The present invention relates in general to a modular liquid-metal magneto-hydrodynamic (LMMHD) power generation cell, and more particularly, to a LMMHD power generation cell that converts an applied mechanical power supplied by very strong, but slow moving forces such as ocean waves, into usable electric power.
The ocean waves have historically been considered a potential source of useful energy. Numerous attempts and researches have been made to extract power from ocean waves. For example, a seawater-based magneto-hydrodynamic (MHD) generator for generating electricity from the heave motion of ocean waves has been proposed and described in U.S. Pat. No. 5,136,173. The MHD generator includes a power generator placed well below the ocean surface and connected to a bobbing surface float via a rigid rod. The motion of the seawater across an applied magnetic field produces electricity. An advantage for such an approach is that there are no moving parts, or at least, not any part moved relative to the main body of the power generator. However, as the seawater used as the MHD interaction fluid is not nearly conductive enough to generate any reasonably-attainable magnetic field strengths, inefficiency becomes a major problem of the generator.
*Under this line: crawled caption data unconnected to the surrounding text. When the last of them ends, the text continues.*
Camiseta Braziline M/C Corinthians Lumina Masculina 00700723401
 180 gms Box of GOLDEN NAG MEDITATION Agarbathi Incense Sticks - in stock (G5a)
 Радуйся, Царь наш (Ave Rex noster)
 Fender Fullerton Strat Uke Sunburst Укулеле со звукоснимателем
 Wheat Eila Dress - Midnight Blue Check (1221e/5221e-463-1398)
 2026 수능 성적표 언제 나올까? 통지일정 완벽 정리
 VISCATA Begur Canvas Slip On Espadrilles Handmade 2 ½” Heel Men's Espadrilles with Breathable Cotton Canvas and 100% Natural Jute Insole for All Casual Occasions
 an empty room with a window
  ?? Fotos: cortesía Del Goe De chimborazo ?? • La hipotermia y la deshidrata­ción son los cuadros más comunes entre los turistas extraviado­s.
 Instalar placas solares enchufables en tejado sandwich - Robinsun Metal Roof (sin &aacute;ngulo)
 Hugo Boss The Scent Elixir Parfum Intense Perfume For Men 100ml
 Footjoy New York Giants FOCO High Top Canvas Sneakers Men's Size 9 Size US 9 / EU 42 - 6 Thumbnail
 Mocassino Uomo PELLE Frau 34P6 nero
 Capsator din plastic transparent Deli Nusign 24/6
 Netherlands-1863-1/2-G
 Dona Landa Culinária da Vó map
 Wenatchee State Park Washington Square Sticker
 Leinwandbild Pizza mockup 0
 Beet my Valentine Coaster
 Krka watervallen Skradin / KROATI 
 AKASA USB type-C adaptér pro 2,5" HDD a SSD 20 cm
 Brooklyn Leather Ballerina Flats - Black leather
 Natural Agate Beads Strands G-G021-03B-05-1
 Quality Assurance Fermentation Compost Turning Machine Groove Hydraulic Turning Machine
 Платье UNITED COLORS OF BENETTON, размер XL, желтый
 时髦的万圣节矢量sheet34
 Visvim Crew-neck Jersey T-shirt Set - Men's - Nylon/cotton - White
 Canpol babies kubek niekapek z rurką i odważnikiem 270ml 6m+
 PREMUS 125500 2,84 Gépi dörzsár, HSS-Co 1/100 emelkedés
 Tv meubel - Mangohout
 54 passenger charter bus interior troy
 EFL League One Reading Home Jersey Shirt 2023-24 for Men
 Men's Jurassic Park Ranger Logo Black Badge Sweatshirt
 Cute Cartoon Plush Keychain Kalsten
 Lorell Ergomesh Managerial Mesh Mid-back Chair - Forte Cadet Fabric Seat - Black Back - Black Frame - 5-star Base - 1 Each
A liquid-metal magneto-hydrodynamic (LMMHD) power generation cell is provided to facilitate efficient, practical, and economical conversion of applied mechanical power supplied in the form of very strong, but slow moving forces such as ocean waves, into usable electric power. The LMMHD power generation cell couples forces available from ocean waves to a liquid-metal working fluid inside a generator to result in generated electric power/volume approximately six orders of magnitude greater than that using seawater as the interacting fluid.
In one embodiment, the LMMHD power generation cell comprises a fluid channel in which a conductive fluid is forced to flow in response to an external force. A pair of pressure conveying members such as bellow reservoirs can be used for conveying the external force to the conductive flow. A magnetic field is established across the fluid channel by a pair of magnets. A pair of electrodes is disposed perpendicularly to both the magnetic field and the fluid channel for collecting the electric current induced by the conductive fluid flowing through the magnetic field. The magnets include either permanent magnets or electromagnets. The conductive fluid includes low-density, low-viscosity, high-conductivity liquid metal such as NaK-78.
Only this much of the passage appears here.